Elayne Riggs' Journal (for Leah)

Monday, November 27, 2006

Aches and Pains

The elevator ceiling just fell on me.

I knew it was going to be a weird day when I was awoken by an work-related nightmare and realized that, even after a mostly lovely 4-day weekend, office stuff had managed to creep into my subconscious again. But things were looking up after my orthopedist x-rayed my right foot just to make sure there's nothing amiss in there (there isn't, but the metatarsal area still hurts) and sent me on my way with a clean bill of health, and even though all the side parking spots were taken I was able to get the space in back closest to the entrance and very convenient to zip out for my final PT session and orthotic fitting after work. Which can't end soon enough, as we currently have no inbound phone service (making it hard to leave messages for folks unless I give them my personal cell phone number as a contact, which I prefer not to do) and my back hurts from where the loosened elevator ceiling panel (since repaired very easily) hit it.

And all I could think was "thank goodness it didn't fall on one of our tenants."

And so I'm not in the best of moods, and I skim Deepak Chopra's fifth (and, I hope to God - pun intended - last) installment of The God Delusion? and, you know, I'm neither an expert spiritualist nor an expert atheist but even I can see what complete bullshit it is, and that makes me restless. You don't conclude that "the physical world can't deliver God, not because God doesn't exist, but because the solid, physical world is an illusion" and then state, with no apparent irony, "The damage that anti-God rhetoric does is to cloud reality." Make up your mind, Chopra - either reality exists amid solid empirical evidence or it doesn't and you're the one clouding things, not "anti-God rhetoric."

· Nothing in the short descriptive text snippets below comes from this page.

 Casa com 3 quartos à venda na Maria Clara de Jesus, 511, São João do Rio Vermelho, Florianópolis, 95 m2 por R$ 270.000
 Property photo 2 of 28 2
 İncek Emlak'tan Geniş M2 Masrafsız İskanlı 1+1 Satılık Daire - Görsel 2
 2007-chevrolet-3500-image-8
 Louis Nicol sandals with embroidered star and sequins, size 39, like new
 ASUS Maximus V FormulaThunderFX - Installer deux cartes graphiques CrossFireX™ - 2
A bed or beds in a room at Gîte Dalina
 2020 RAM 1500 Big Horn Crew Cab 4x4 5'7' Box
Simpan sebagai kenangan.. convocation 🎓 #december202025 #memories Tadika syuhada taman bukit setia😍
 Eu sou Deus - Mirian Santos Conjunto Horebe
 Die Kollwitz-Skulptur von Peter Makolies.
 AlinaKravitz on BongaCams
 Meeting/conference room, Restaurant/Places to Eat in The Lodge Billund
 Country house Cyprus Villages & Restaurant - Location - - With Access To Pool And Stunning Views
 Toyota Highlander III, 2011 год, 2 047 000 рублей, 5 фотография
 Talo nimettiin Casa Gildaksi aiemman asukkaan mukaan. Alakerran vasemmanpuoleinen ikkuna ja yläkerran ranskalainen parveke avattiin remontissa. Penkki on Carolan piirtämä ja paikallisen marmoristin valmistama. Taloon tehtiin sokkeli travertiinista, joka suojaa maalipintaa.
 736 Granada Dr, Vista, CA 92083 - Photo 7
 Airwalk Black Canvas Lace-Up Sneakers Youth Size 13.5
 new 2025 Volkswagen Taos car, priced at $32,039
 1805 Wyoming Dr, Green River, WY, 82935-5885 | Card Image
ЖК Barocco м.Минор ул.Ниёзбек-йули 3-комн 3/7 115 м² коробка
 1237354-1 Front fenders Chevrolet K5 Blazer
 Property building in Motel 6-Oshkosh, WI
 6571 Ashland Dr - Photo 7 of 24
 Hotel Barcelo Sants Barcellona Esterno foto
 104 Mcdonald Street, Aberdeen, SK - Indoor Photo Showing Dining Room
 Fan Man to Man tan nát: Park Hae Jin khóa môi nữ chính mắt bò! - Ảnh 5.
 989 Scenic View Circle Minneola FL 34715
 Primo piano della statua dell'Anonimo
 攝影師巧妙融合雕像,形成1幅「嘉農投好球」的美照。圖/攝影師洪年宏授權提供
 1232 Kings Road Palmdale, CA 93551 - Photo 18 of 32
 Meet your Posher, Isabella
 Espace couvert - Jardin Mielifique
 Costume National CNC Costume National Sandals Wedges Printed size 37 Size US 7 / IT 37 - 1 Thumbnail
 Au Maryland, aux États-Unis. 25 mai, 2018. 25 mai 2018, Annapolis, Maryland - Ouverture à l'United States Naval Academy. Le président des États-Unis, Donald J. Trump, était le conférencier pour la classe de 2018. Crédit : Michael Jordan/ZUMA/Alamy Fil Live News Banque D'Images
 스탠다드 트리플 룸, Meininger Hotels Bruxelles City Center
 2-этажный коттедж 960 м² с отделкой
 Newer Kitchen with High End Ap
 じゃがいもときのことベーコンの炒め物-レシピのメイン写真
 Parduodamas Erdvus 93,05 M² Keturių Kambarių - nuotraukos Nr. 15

And I read Tintin Pantoja's lament after she's seen the NY Times article on the proposed DC "Minx" imprint and she says, "I'd still rather support publishers who have a history of supporting women as creators as well as consumers" and talking about how female storytellers turned shoujo manga from "a moribund genre into a demographic" and I'm like, I can't argue with that. For most of my 20's my only fiction reading consisted of fantasy books written by women. Nothing to do with not liking male writers or not thinking they could do fantasy well, but I was just worn out with storytelling done from primarily a male POV. And if the Minx line has only announced one female writer right from its inception and no female artists, it seems to me Karen and Shelly may be facing an uphill battle to attract female readers (like me) who specifically look for female storytellers. And what worries me is that this might lead to the line dying a'borning and people pointing at it and saying "see, we threw beaucoup bucks at this venture trying to attract young women, let's not bother any more because, let's face it, they obviously don't want to read comics" when maybe young women just don't want to read more primarily-male-created ones.

And lastly, I note Pissed-Off Patricia's essay comparing people who are fighting and dying in a war with their fellow citizens fighting and dying here at home over material possessions. Between that and various news stories about that Colorado homeowners association banning a peace sign Christmas wreath (where's the "war on Christmas" contingent when they could really do some good?), I think I'm hanging it up for the afternoon. At least the phone people are on their way now to reconnect the inbound stuff. Alas, my boss is also on his way. How many hours till I get to go home?